Figure 4. Comparison of (a) “Democratic” thoroughness judge and (b) “neutral” thoroughness judge treatment conditions, as displayed to participants in Study 2.

Data processing and analysis in R

We provide an open-source software package, rechat, to process the chat data that is exported from ReChat into a format convenient for analysis in R. We provide rechat in a GitHub repositoryFootnote 8 with instructions for its use. We also provide replication materialsFootnote 9 that offer examples new users can follow. Here, we describe our analyses at a tutorial level of detail.

First, we downloaded the chat data from ReChat (as a CSV). Then, using the parseChat() function, we read all data into R as a list of chat dataframes and summarized each message’s length using the featurizeChat() function. featurizeChat() can apply any function (which takes a string as its argument) to each chat message and appends the values returned as a new column in the chat dataframes. This allows researchers to apply functions from existing text analysis packages. This can be used to create sentiment scores, add semantic embeddings, or even apply modern language models to generate highly sophisticated content analyses. We, however, wanted to conduct a very simple analysis for demonstration purposes and so summarized message character length using the base R function nchar().

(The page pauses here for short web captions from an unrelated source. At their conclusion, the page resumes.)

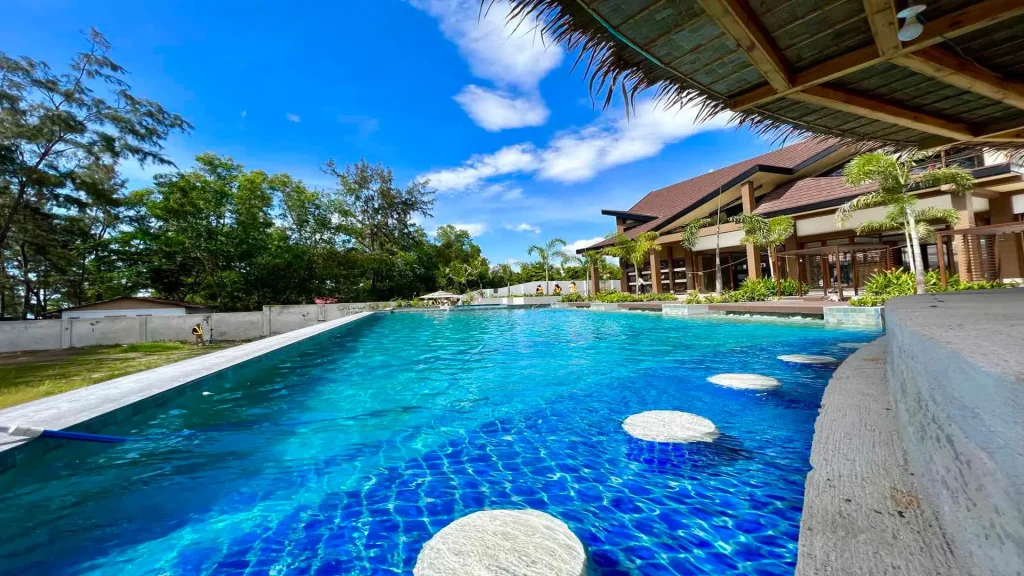 Infinity Pool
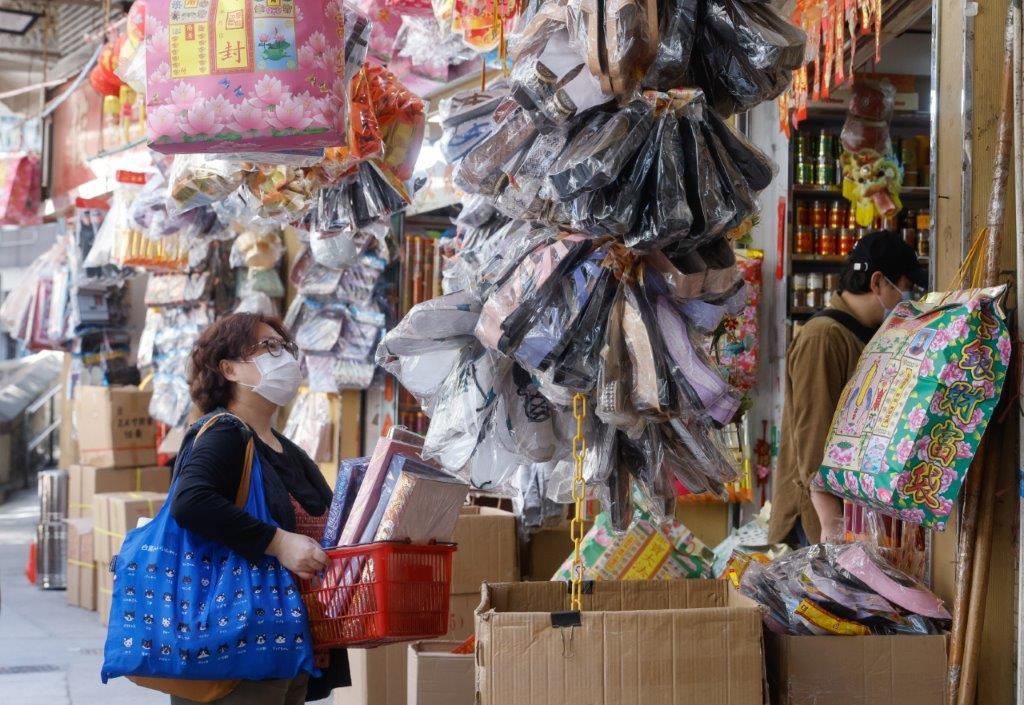 市民在清明前選購紙紮祭品,設計應有盡有。(蘇文傑攝)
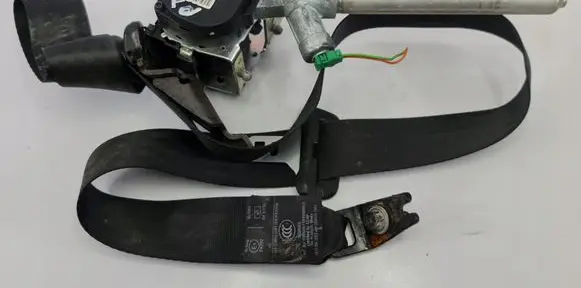 Volvo XC70 Rear seatbelt 39859392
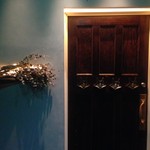 現代ガストロノミー 四匹の猫 - 入り口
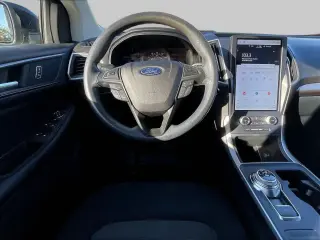 Ford Edge 2022 AWD SE 4dr Crossover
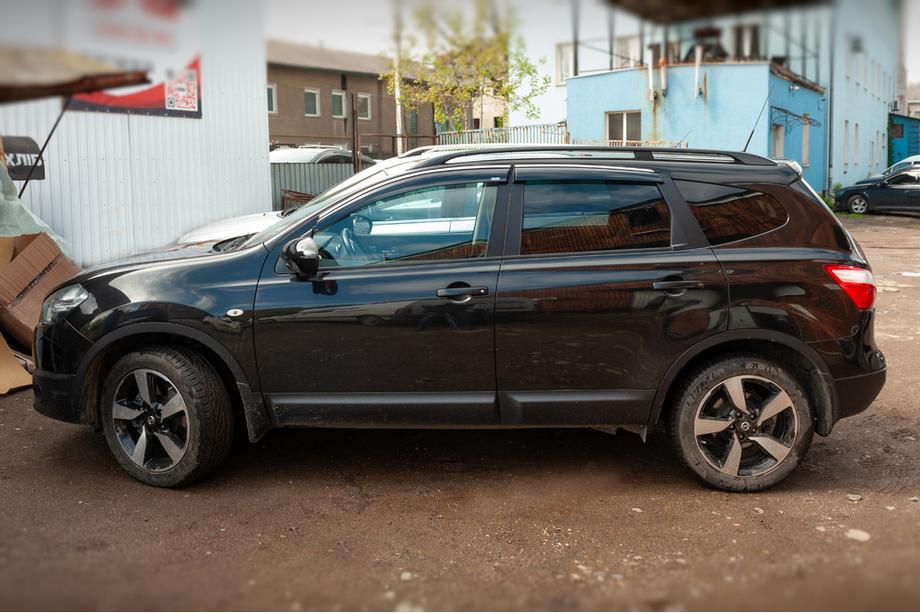 Nissan Qashqai 2010-2014 Deflettori finestrini con profilo cromato (4 pz, Niken) Foto 3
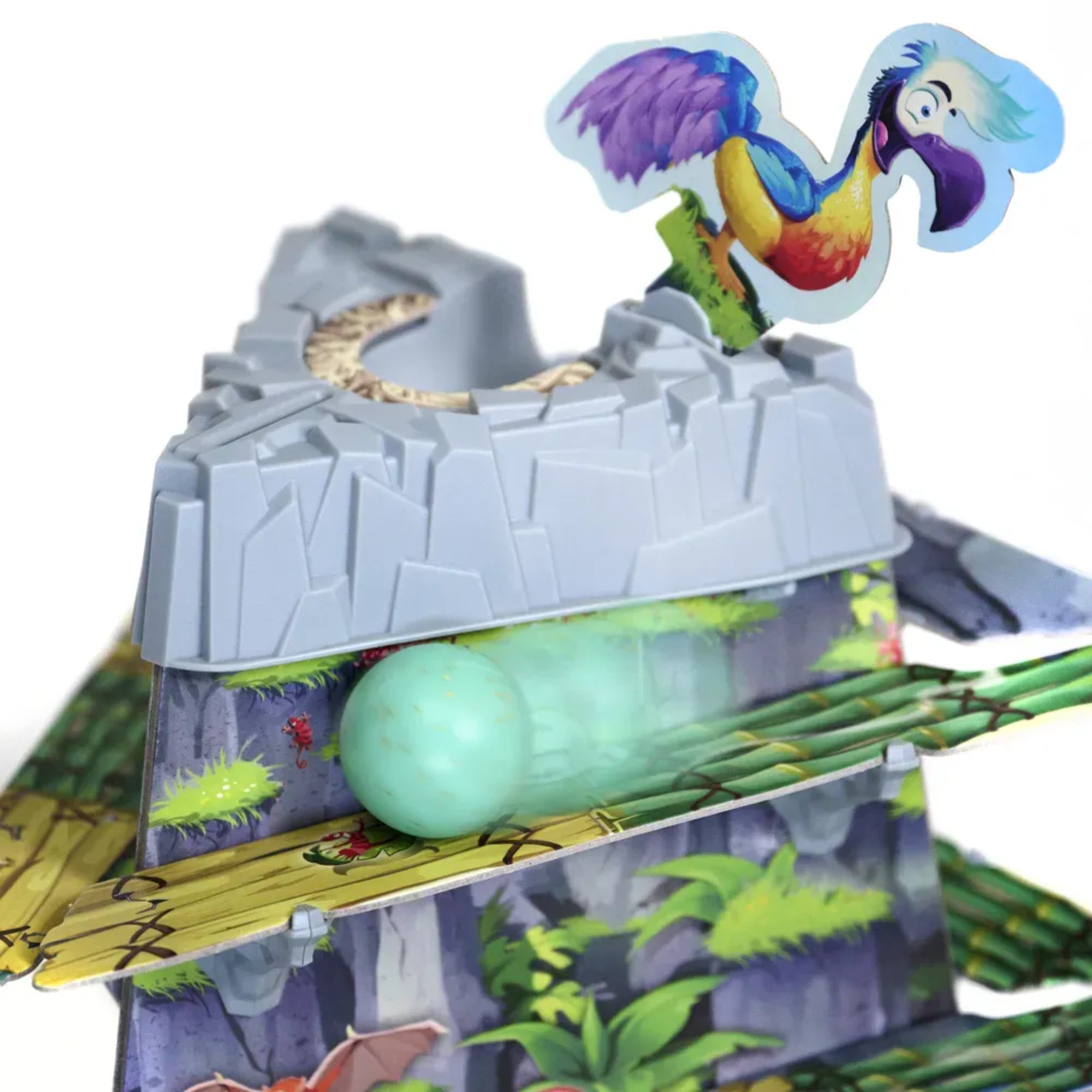 Dodo társasjáték – A játék tornyának részlete, guruló tojással és a dodo figurával a szikla tetején.
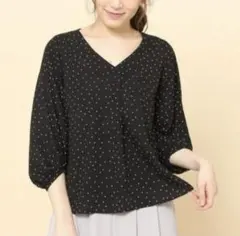 ロペピクニック　ドットプリントＶネックブラウス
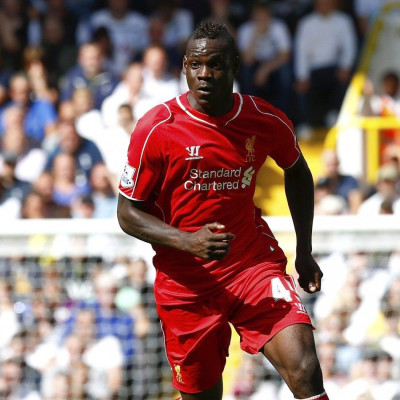 Liverpool&#039;s Mario Balotelli runs with the ball during their English Premier League soccer match against Tottenham Hotspur at White Hart Lane in London August 31, 2014.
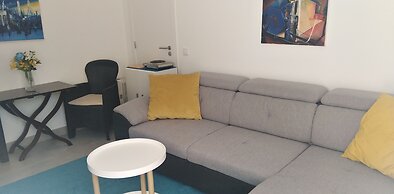 Studio Free Parking 300m Walking to Beach Burgau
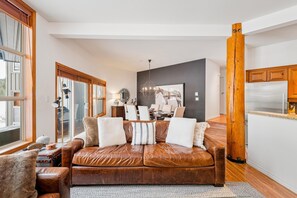 Smart-TV, peis, bøker og stereoanlegg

Then, we used summarizeChat() to aggregate from the message to the participant level and bind participant-total-character-counts to the survey data downloaded from Qualtrics. This links the survey data to the participant outcomes measured from the chat data using participants’ completion codes (see Section 3.2). For example, we added a column “char_count” to the survey dataframe, which we used as a proxy for thoroughness. By a similar process, we also constructed measures of message count, word count, and unique word count. We then analyzed predictors of these loquaciousness proxies, in a linearFootnote 10 regression framework. The follow pseudocode summarizes these steps:

library(rechat)

#Parse Chat Data Downloaded from ReChat

chat_data <- parseChat(“path/to/downloaded_file.csv”)

#Featurize Transcripts with Character Counts

chat_data <- featurizeChat(chat_data,

featurization_function = nchar)

#Bind Character Sums to Survey Data

survey_data <- qualtRics::fetch_survey(…)

survey_data <- summarizeChat(survey_data, chat_data,

chat_feature_name = “nchar”,

summary_function = sum,

summary_feature_name = “char_count”)

#Analyze Predictors

mod <- lm(char_count ∼ t + ideo_extremity + male, data = survey_data)

Exploratory analyses of the Study 1 data (see Appendix 10) indicated that participants’ loquaciousness was significantly associated with male gender and liberal political ideology (which, in an all-democrat sample, is equivalent to ideological extremity). We also found that loquaciousness was significantly affected by the experimental treatment described in Section 3.4, such that participants in the neutral accountability condition were more thorough than those in the co-partisan accountability treatment.

We implemented Study 2 as a pre-registeredFootnote 11 replication of these analyses. Our planned analyses of character count (see Table 2, Model 1) did not replicate the Study 1 findings regarding gender and the thoroughness treatment but did replicate the finding regarding ideology. In this all-Democrat sample, more liberal participants were (again) significantly more loquacious than more moderate participants. Exploratory analyses of message count (Table 2, Model 2) offer suggestive evidence of a neutral accountability treatment effect on loquaciousness and an association with male gender, but message count was not the pre-registered outcome variable (see Appendix 11 for detailed analyses).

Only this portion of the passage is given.